* WHAT YOU ARE ASKED TO DO
Pictures stay out of this copy, which runs from the first line of the material through the line containing "14k Gold 17.15".

* EXERCISE DATA

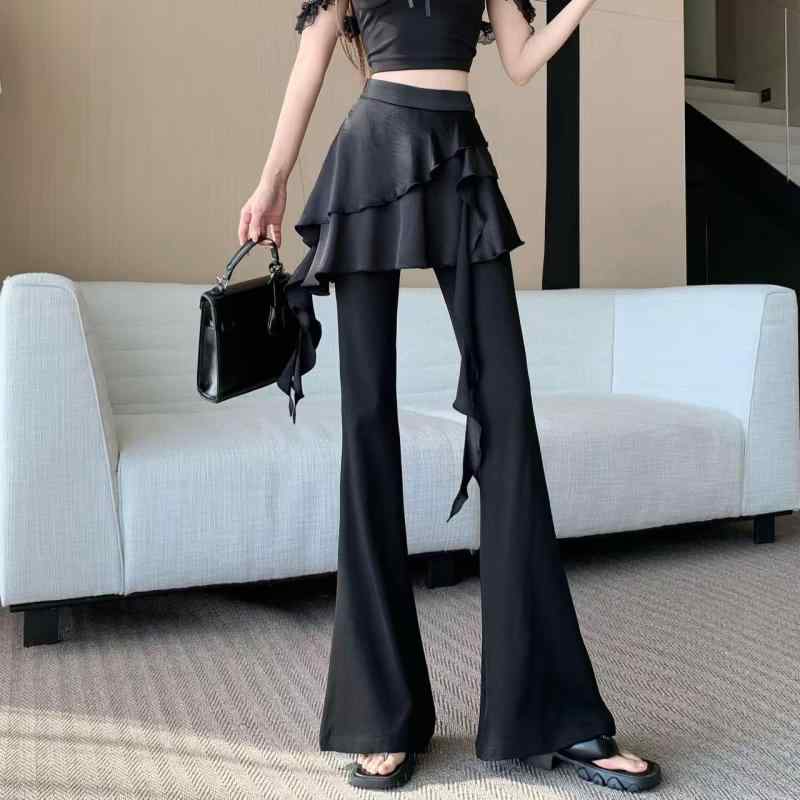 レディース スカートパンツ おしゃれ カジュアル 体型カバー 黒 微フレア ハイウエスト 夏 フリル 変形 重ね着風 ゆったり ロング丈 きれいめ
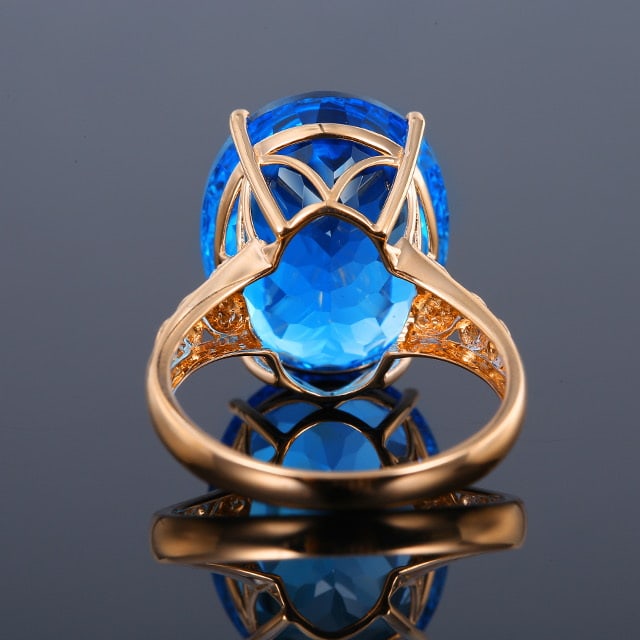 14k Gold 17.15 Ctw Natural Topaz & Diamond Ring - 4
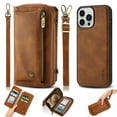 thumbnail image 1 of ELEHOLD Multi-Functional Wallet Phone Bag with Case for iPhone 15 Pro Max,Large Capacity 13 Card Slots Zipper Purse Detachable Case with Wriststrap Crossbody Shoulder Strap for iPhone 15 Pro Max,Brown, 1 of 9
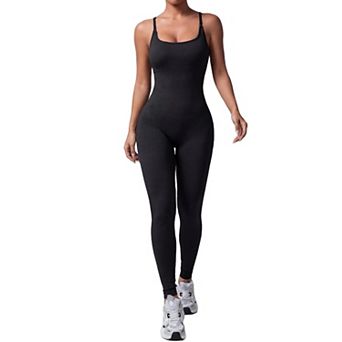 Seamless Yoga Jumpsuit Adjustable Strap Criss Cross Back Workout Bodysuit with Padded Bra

* FINISHED EXERCISE
 レディース スカートパンツ おしゃれ カジュアル 体型カバー 黒 微フレア ハイウエスト 夏 フリル 変形 重ね着風 ゆったり ロング丈 きれいめ
 14k Gold 17.15 Ctw Natural Topaz & Diamond Ring - 4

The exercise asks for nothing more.